Dax and Fierce worked with local style writers and the Art on the Beltline organizers to include the United Kings in ATL Jam.
Credit: Sigele Winbush
Credit: Sigele Winbush
On the last day of ATL Jam 2023, the entire United Kings crew stands in front of their piece, admiring the finished product. It’s like the closing scene in “Ocean’s Eleven″ where all the players are taking in one last moment together after completing a major heist. They are the last ones left, and they are soaking up the new world. Rather than looking over their shoulders and painting at night, they’re doing it in the daylight and getting paid for it. And they’re not kids anymore. Ranging in age from 53 to 57, they’re sore from going up and down the ladder for three straight days.

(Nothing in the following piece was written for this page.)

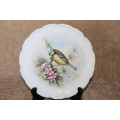 Royal Albert Blue Titmouse - Woodland Birds Collection Decorative Plate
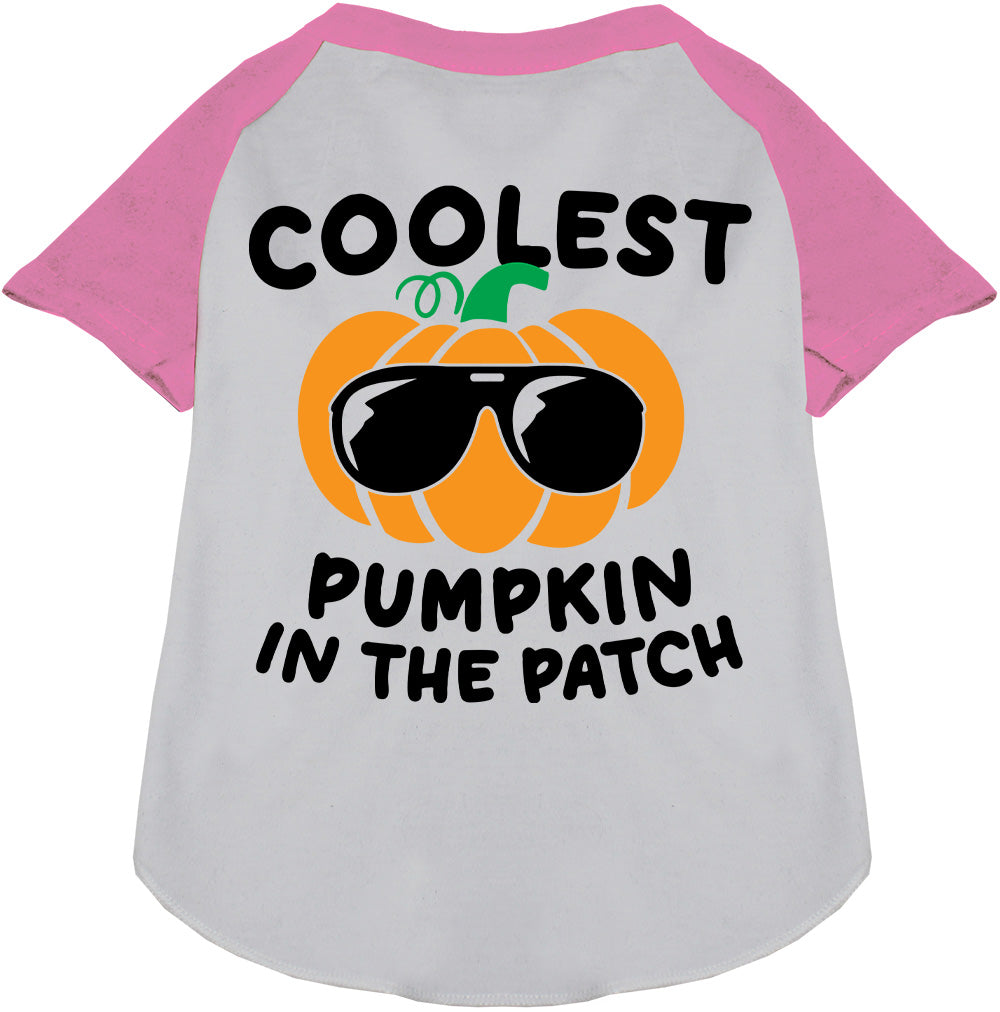 Coolest Pumpkin Pet Raglan Shirt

While the their fans were searching for them, the United Kings were dealing with life. They would go on to get married, divorced, have kids, grandkids, serve in the military, dabble in music and work overnight factory jobs. Today, Alexander, Wallace and Hackwin Devoe are retired.
Despite not having worked together as a crew since 1986, they never stopped making art or doing one-off solo graffiti pieces when time allowed. They also kept in touch, despite the fact Wills moved to California and then Colorado Springs, and Wallace moved to Texas.
“The organization never disbanded,” Wallace said.
Wallace moved back to Atlanta last year, and now, with the exception of Wills, the crew is all living in the metro area where it started. When they found out other artists were looking for them, and that their legacy in Atlanta mattered, they connected with one another on FaceTime, launched an Instagram account and started planning new projects. A United Kings documentary, comics, photo book and podcast have all been up for discussion.
Like many graffiti artists in the city, they felt like the Hip-Hop 50 celebrations whiffed on honoring the graffiti community’s contributions.
“They didn’t salute or celebrate the whole realm of hip-hop,” Gilmore said. “They just celebrated the recording of hip-hop on wax.”
The United Kings know Atlanta’s hip-hop legacy because they lived it, breathed it and had a hand in every element. They’re one the most influential hip-hop collectives to come out of the city. Their work ultimately gave rise to Atlanta’s public art scene.
Watching them together, Fierce was reminded of what makes the United Kings so special: their unity in an art form built on individual merit and ego. “I’ve never seen anything like this before. It’s like an orchestra. ... You never see guys who go and paint and just paint the name of the crew.”
As the crew walks down the Westside Trail, headed back to the parking lot, there are plans to go see other pieces done by local artists taking part in ATL Jam. History might’ve forgotten the United Kings for a period, but they plan to keep the name and legacy going. For them it’s bigger than hip-hop, and they are more than just a crew.
“That’s how I look at this group. It is not a group,” Alexander said. “This is my family, this is my blood. I’d die for these boys.”